The good news for NBA betting fans is the second round is going to be a gauntlet. The conference has been a four-team race all season – especially after Victor Oladipo’s season-ending injury in Indiana – and now we get a final four that features three very evenly-matched teams all looking to upset Giannis Antetokounmpo and the Bucks.

These four teams feature seven of the conference’s 12 All-Stars (Antetokounmpo, Middleton, Embiid, Simmons, Leonard, Lowry, Irving). It’s got the likely league MVP, a Finals MVP in Leonard and Irving, who knows a thing or two about postseason heroics.


 

Odds to Win the East

Team Moneyline
Milwaukee Bucks +110
Toronto Raptors +250
Boston Celtics +380
Philadelphia 76ers +400

Bucks vs.
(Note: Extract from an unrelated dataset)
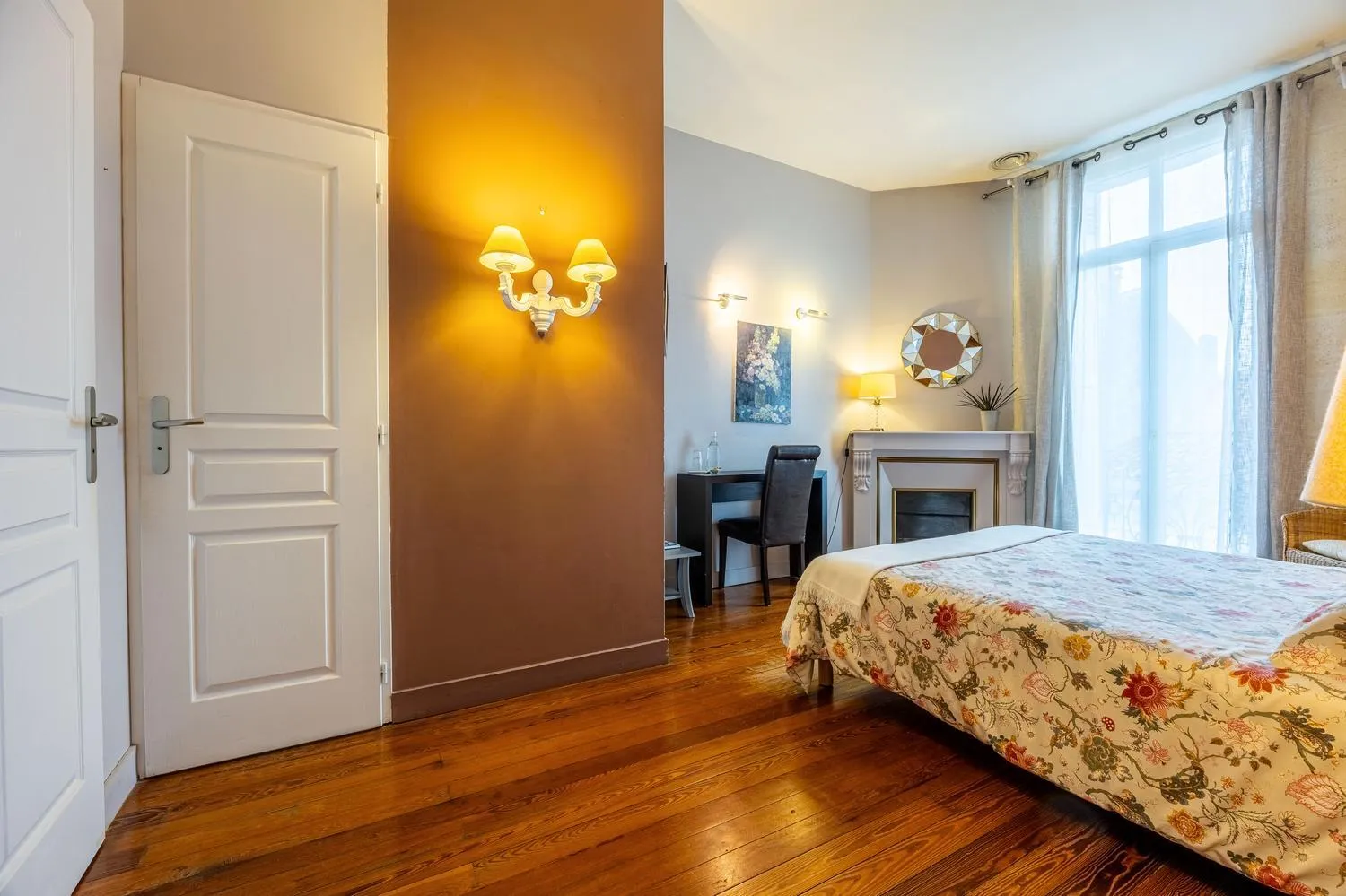 Bedroom, Bed in B&B La Halte Montaigne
Celtics Betting Preview

Team Odds to Win Series
Milwaukee Bucks -305
Boston Celtics +235

It’s a rematch of what was arguably the best first-round playoff series from a year ago. These two teams squared off in the 2 vs. 7 matchup, and the home team won all seven games, with Boston dominating in a Game 7 to advance to the second round. This time around, it’s the Bucks who have home-court advantage.

These two teams played pretty evenly in the regular season. Boston took the first game, snapping the Bucks’ streak of seven straight wins to begin the season but Milwaukee responded by taking the final two games of the season series with a 13-point road win and a one-point home win in the first game out of the All-Star break.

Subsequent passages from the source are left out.